The results can then be queried from the generated table - with full Analytics Tier performance.

Running the Numbers

Assuming an organization ingests 500 GB/day into Sentinel:

ScenarioConfigurationMonthly Cost (approx.)
Current state500 GB/day Analytics Tier (PAYG)~EUR 78,300
With commitment500 GB/day Analytics Tier (commitment)~EUR 37,600
Hybrid optimized150 GB/day Analytics + 350 GB/day Data Lake~EUR 25,200

The hybrid model saves over 67% compared to PAYG and still 33% compared to pure commitment tiers.

The Fine Print

Customer-Managed Keys (CMK)

If the workspace uses CMK, Data Lake features are currently not available.
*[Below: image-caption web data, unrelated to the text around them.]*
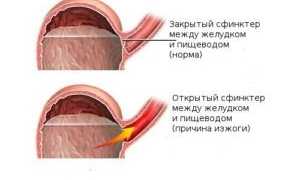 Изжога у беременных: причины и способы облегчения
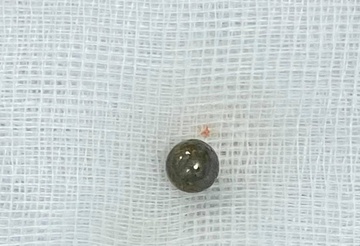 Liet nua nguoi vi bi sung tu che ban xuyen nao hinh anh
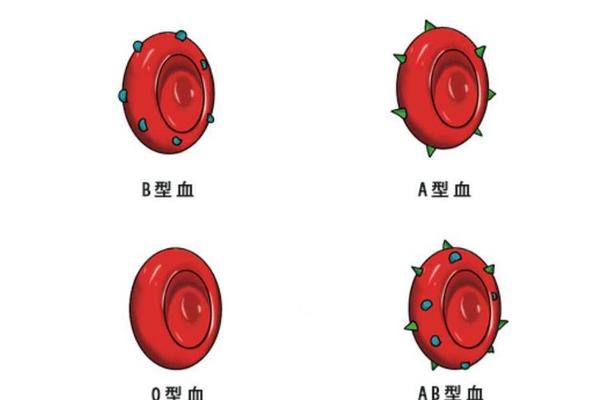 双份a血型;两个血腥o可以生出AB吗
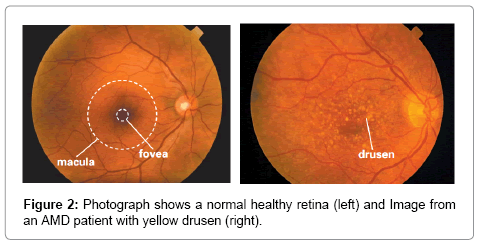 computer-science-systems-biology-healthy-retina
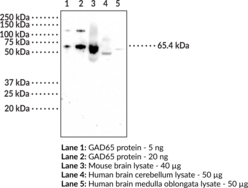 GAD65 Monoclonal Antibody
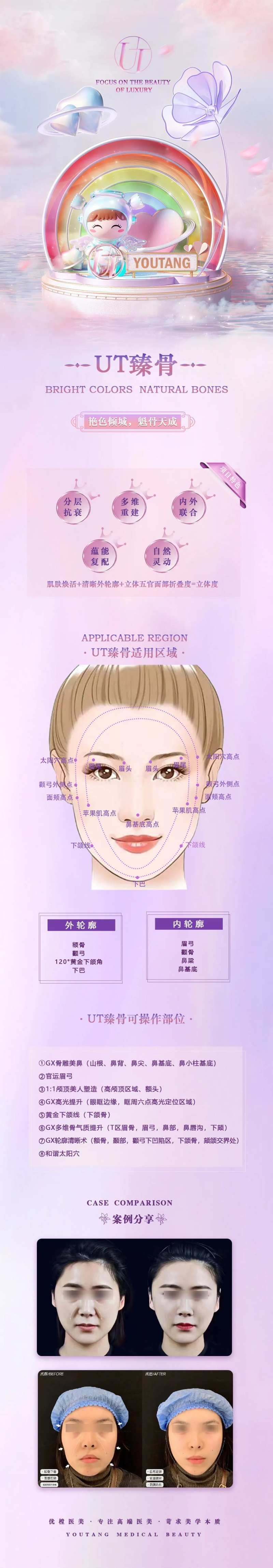 医美轮廓固定详情页-采灵感-cailinggan.com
That’s a showstopper for regulated environments that mandate CMK. You’ll have to wait for Microsoft’s roadmap here.

Basic Logs

Basic Logs can’t be routed directly to the Data Lake. They must be converted to Analytics Tier first. If you’re currently using Basic Logs for cheap ingestion, plan the migration carefully.

Portal Transition

Microsoft has set March 31, 2027 as the sunset date for Sentinel management in the Azure Portal. After that, everything moves to the Defender Portal. If you’re planning the Data Lake migration, factor in the portal switch at the same time.

API Deprecation

Older API versions for Sentinel Repositories will be deprecated on June 15, 2026. Automation, infrastructure-as-code, and CI/CD pipelines need to be updated ahead of time.

What I’d Do Monday Morning

The Sentinel Data Lake Tier is the biggest change to Sentinel’s cost model since launch. For most organizations, this isn’t a question of if but when.

Start with the inventory and table classification now. Plan a hybrid model as the target architecture - not everything needs to move. Evaluate federation for existing data lake infrastructure. Model the budget impact and use the savings as the business case for the migration itself.

The technology is mature enough for production use. Acting now doesn’t just save costs - it builds the foundation for a SIEM architecture that grows with Microsoft Fabric, Security Copilot, and the Unified Security Operations Platform.